**EXERCISE GOAL:** In the data below, repeat the line containing "Coldwater Creek Cocktail Dress (view 2)" and every following line exactly, up to and including the last line. Exclude pictures.

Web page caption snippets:
+++++

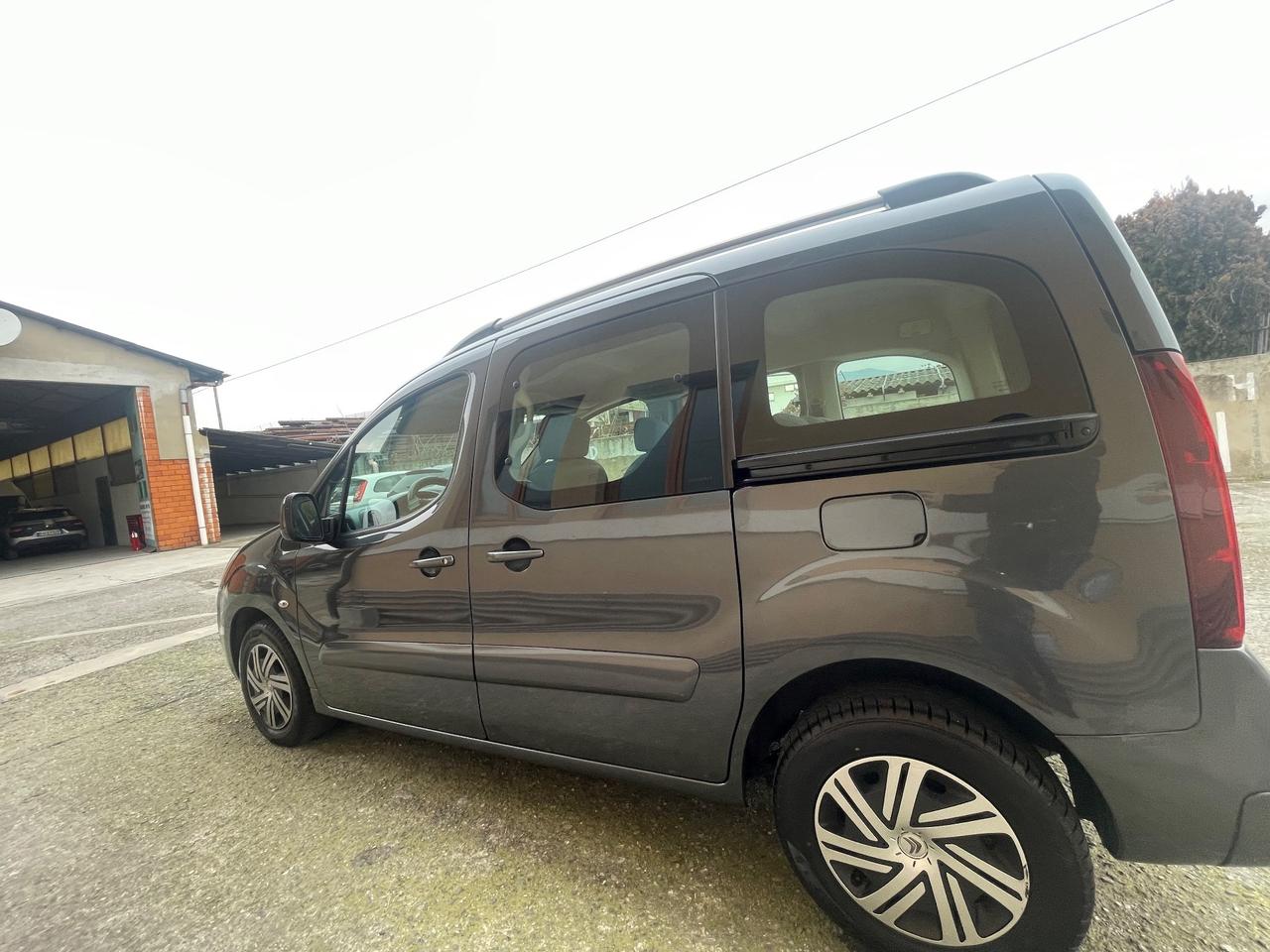 Citroen Berlingo Multispace 1.6 e-HDi 90 CMP6 XTR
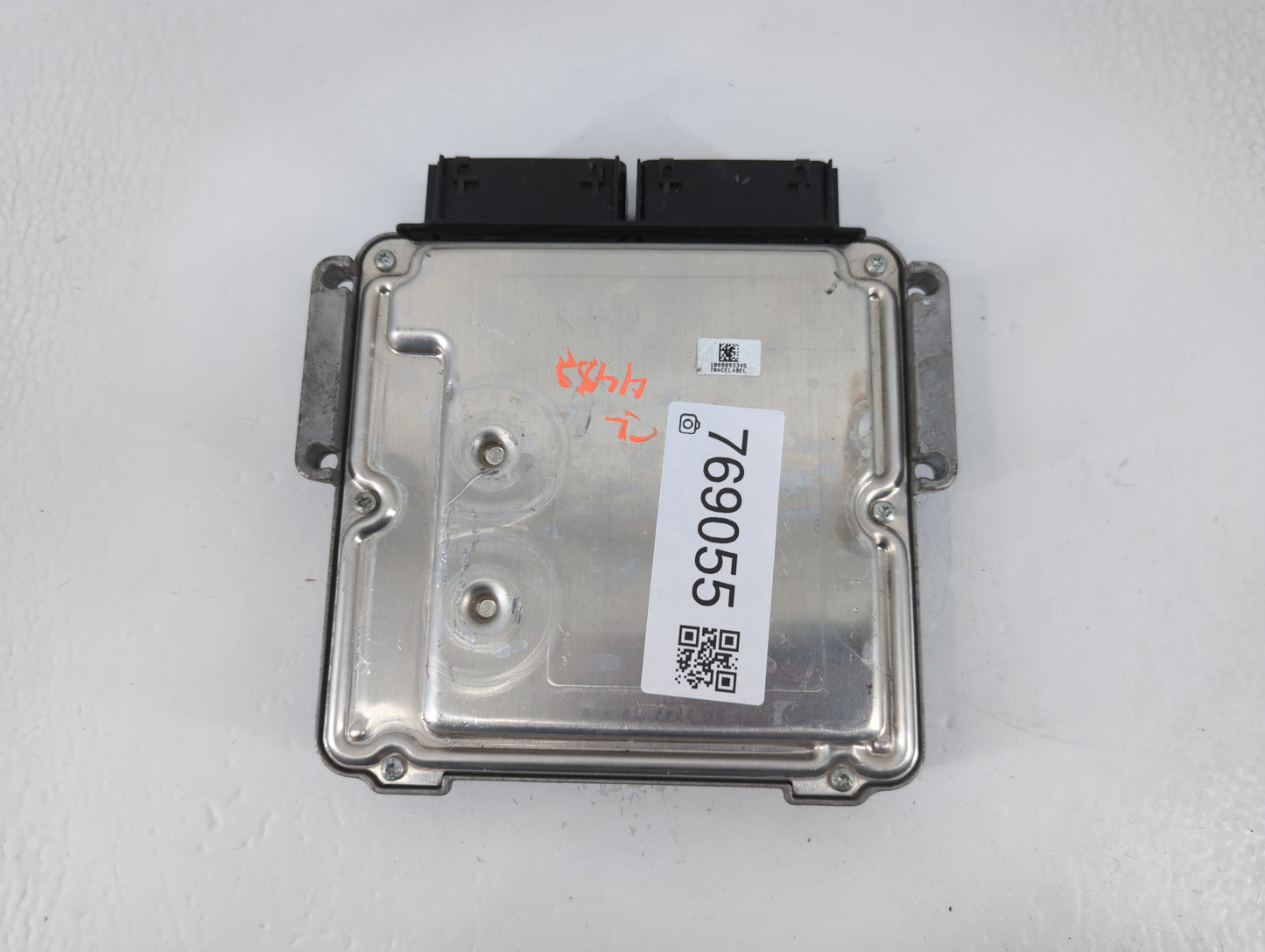 2015-2018 Ford Edge PCM Engine Control Computer ECU ECM PCU OEM P/N:G2GA-12A650-BSA Fits Fits 2015 2016 2017 2018 2019 OEM U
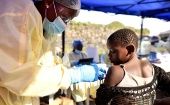 Estos casos han disparado el temor de que regrese la epidemia de ébola que ya ha cobrado la vida de 1.800 personas.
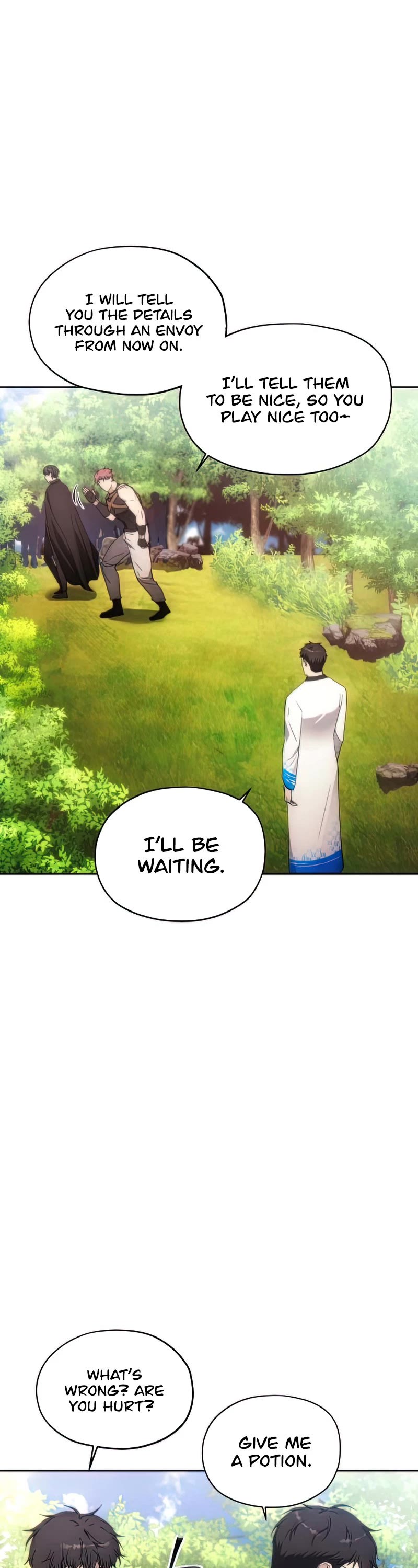 How to Live as a Villain Chapter 62 148 009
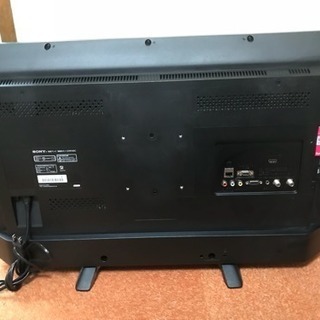 テレビ SONY ソニー 2017年 半年使用 32型 32インチ KJ-32W500C 川崎区 KK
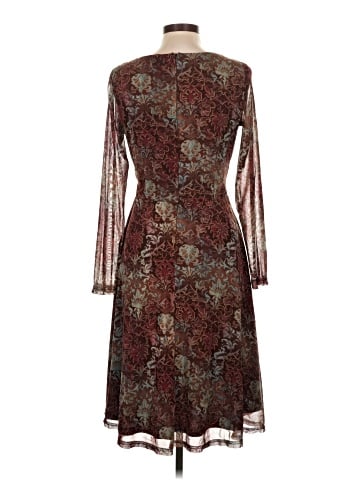 Coldwater Creek Cocktail Dress (view 2)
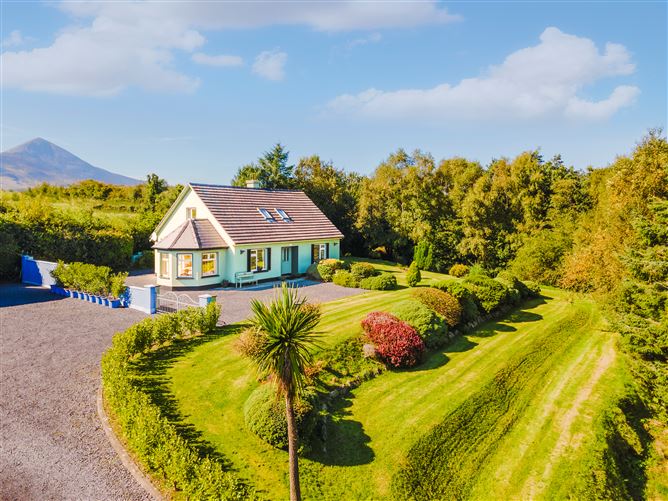 "The Haven", Carrabaun, Westport, Mayo
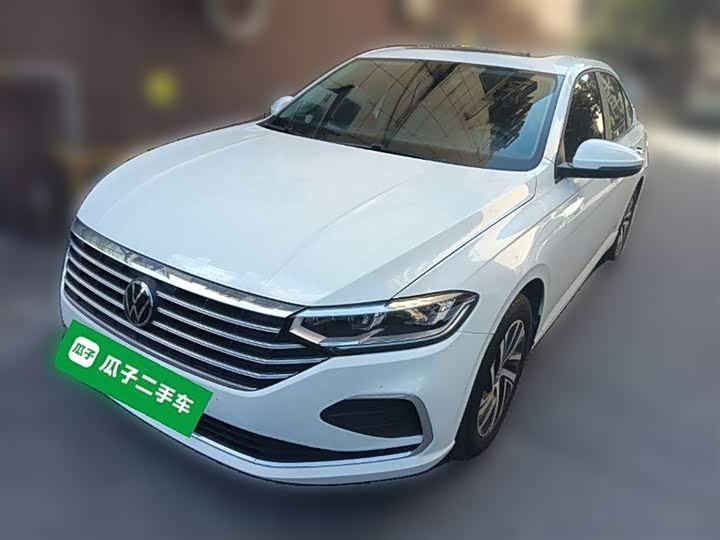 Фото 2 - Volkswagen Lavida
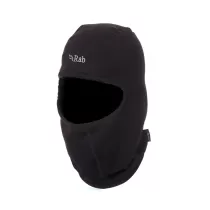 Rab Power Stretch Pro Balaclava - Black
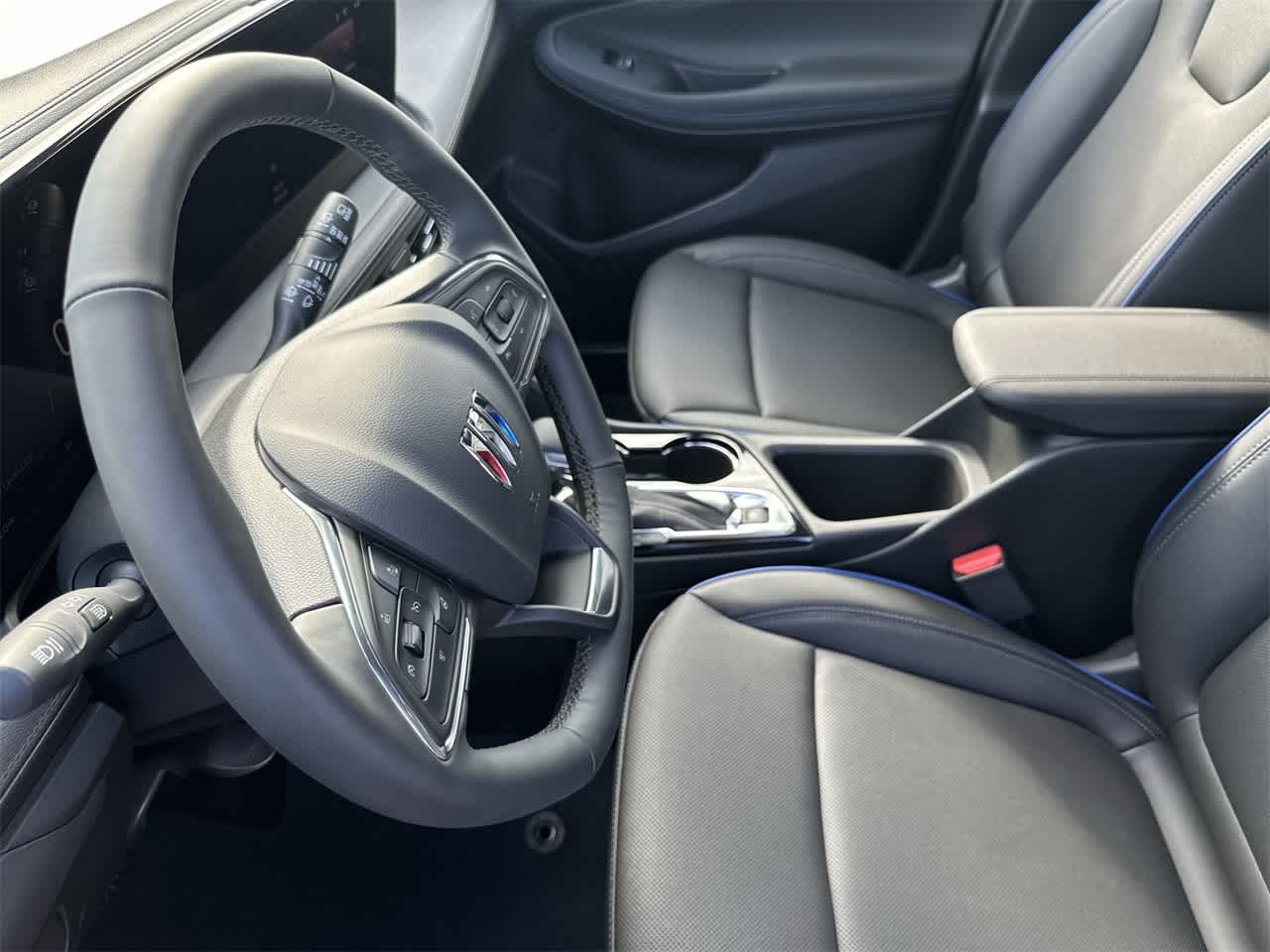 Thumbnail: 2026 Buick Encore GX - 13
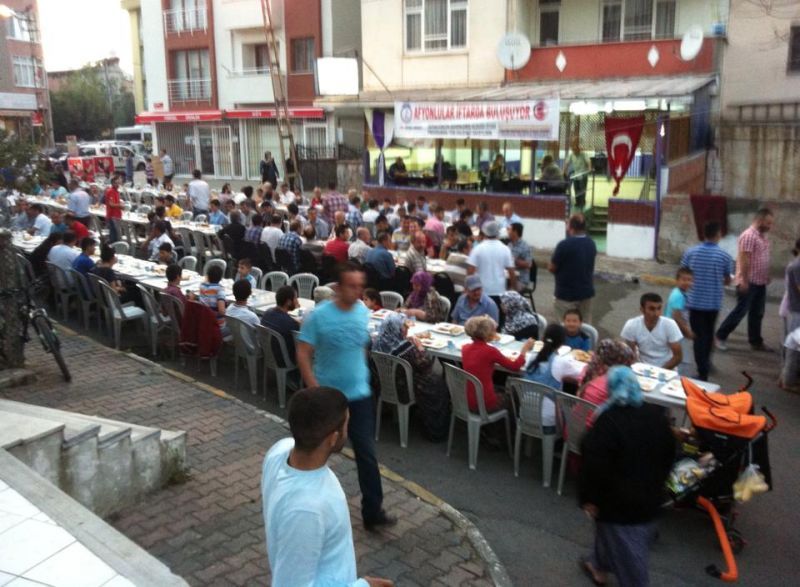 KEKLİK CATERING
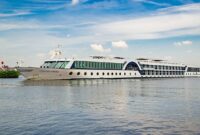 flusskreuzfahrt mit fahrrad 2026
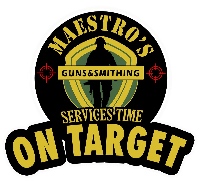 Maestro's Guns and Smithing LLC
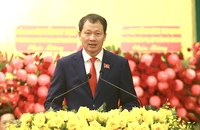 Ông Vũ Hồng Văn tiếp tục giữ chức Bí thư Tỉnh ủy Đồng Nai nhiệm kỳ 2025-2030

+++++

**TASK SOLUTION:**
 Coldwater Creek Cocktail Dress (view 2)
 "The Haven", Carrabaun, Westport, Mayo
 Фото 2 - Volkswagen Lavida
 Rab Power Stretch Pro Balaclava - Black
 Thumbnail: 2026 Buick Encore GX - 13
 KEKLİK CATERING
 flusskreuzfahrt mit fahrrad 2026
 Maestro's Guns and Smithing LLC
 Ông Vũ Hồng Văn tiếp tục giữ chức Bí thư Tỉnh ủy Đồng Nai nhiệm kỳ 2025-2030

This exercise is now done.